On voudrait pourtant engager sur cette base des dizaines de millions d’euros de fonds publics mais surtout l’avenir de l’accompagnement pédagogique de familles dont les enfants ont des besoins particuliers. Ne faisons pas peser un risque réel sur les droits des familles.

Pour les AESH, dont le salaire moyen reste de 912 euros nets mensuels, cette réforme risque d’aggraver encore des conditions de travail déjà très dégradées – nous en avons beaucoup parlé.

Cet amendement d’appel vise avant tout à obtenir du gouvernement l’engagement de prolonger d’un ou deux ans l’expérimentation des PAS et donc d’envisager un report de la date de l’entrée en vigueur, de septembre 2027 à septembre 2028 ou 2029. Avant de déployer ce dispositif, il convient de mesurer son efficacité – même si, au fond, nous ne voulons pas en douter.

M. Thierry Tesson (RN). En tant qu’ancien chef d’établissement et ancien inspecteur d’académie, les pôles d’appui à la scolarité me semblent particulièrement flous. Je ne comprends pas à quel public ce dispositif s’adresse. Si nous parlons d’élèves qui rencontrent de banales difficultés d’apprentissage, les enseignants sont à même d’identifier les problèmes et d’y répondre. En revanche, s’il est question d’élèves pour lesquels un handicap majeur a été repéré, il revient aux MDPH, qui réunissent des professionnels disposant d’une expertise, de définir le type d’accompagnement adapté – ou sinon une compensation.

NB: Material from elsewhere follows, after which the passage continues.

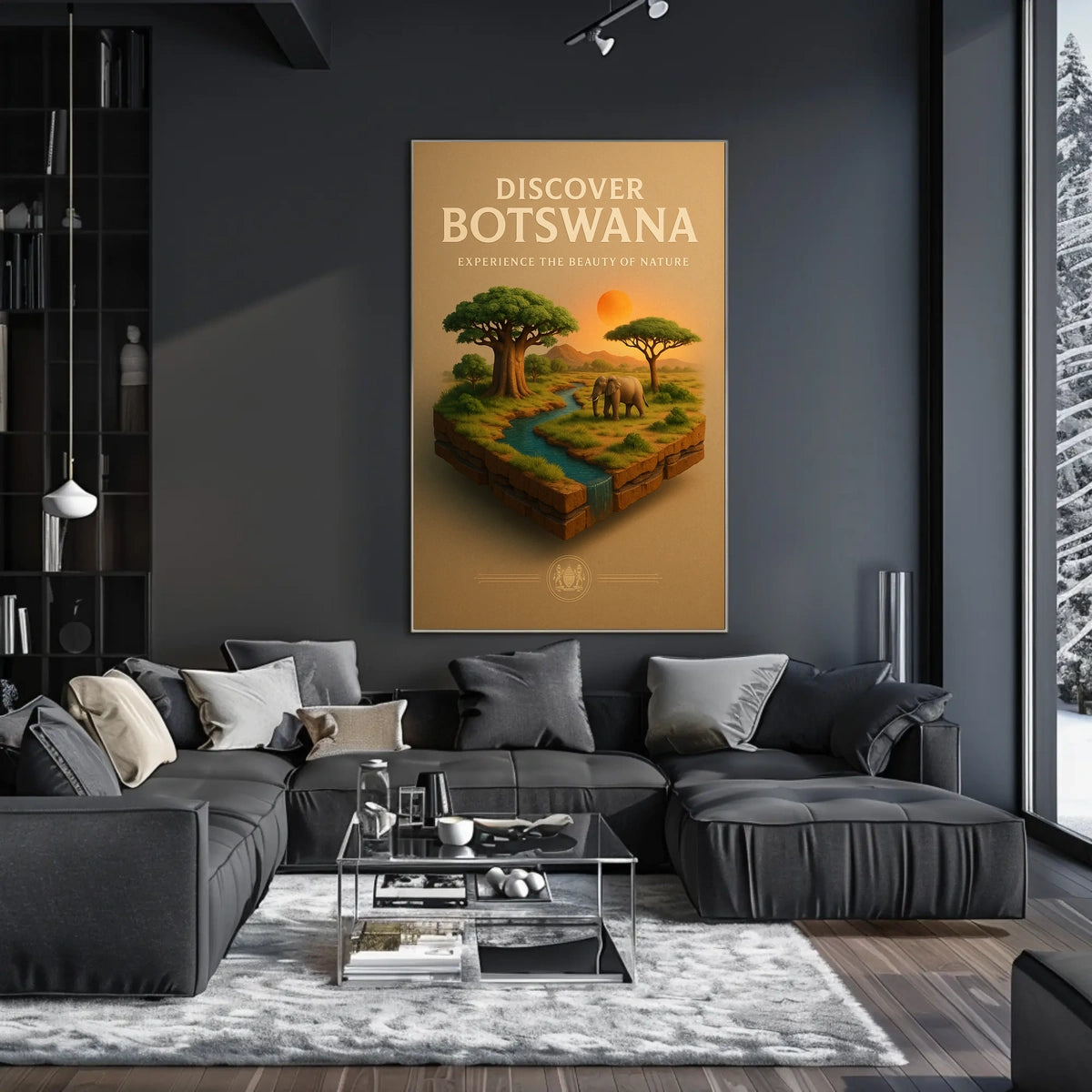 Discover Botswana Poster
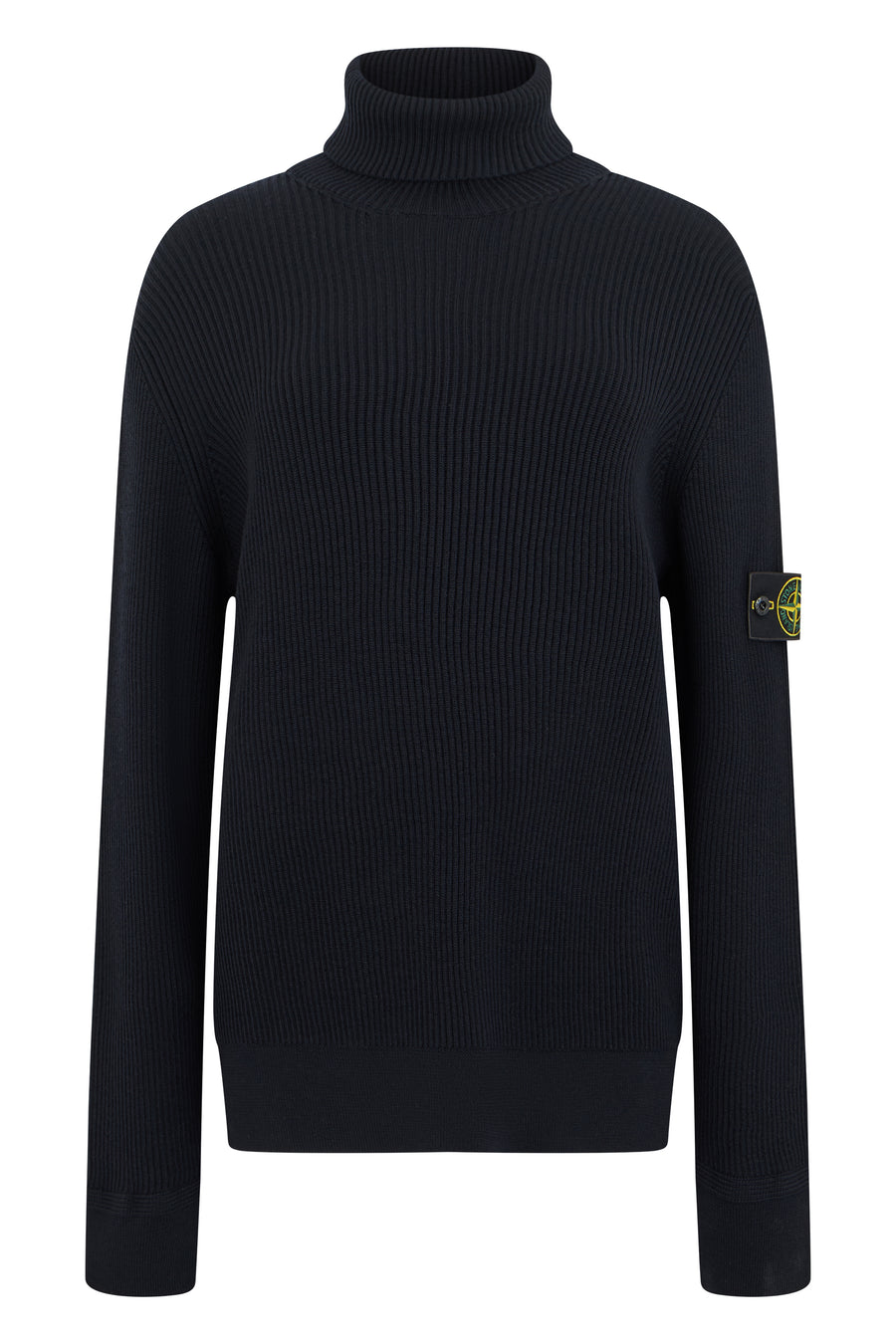 Turtleneck Sweater Navy Blue Virgin Wool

Selon moi, les PAS ne font que brouiller un peu plus la lisibilité des nombreux dispositifs existants sans apporter de réelle valeur ajoutée.

Mme Florence Herouin-Léautey (SOC). Dans un contexte de raréfaction des moyens, de suppression de postes, et en l’absence de cadre national transparent et clair, on ne peut déployer un dispositif qui, on l’a constaté, a entraîné une dégradation des conditions de travail, une fragilisation de certains professionnels et un allongement des temps d’intervention et de déplacement des AESH. Il est aussi arrivé qu’un même enfant se retrouve, au cours d’une journée, face à plusieurs AESH.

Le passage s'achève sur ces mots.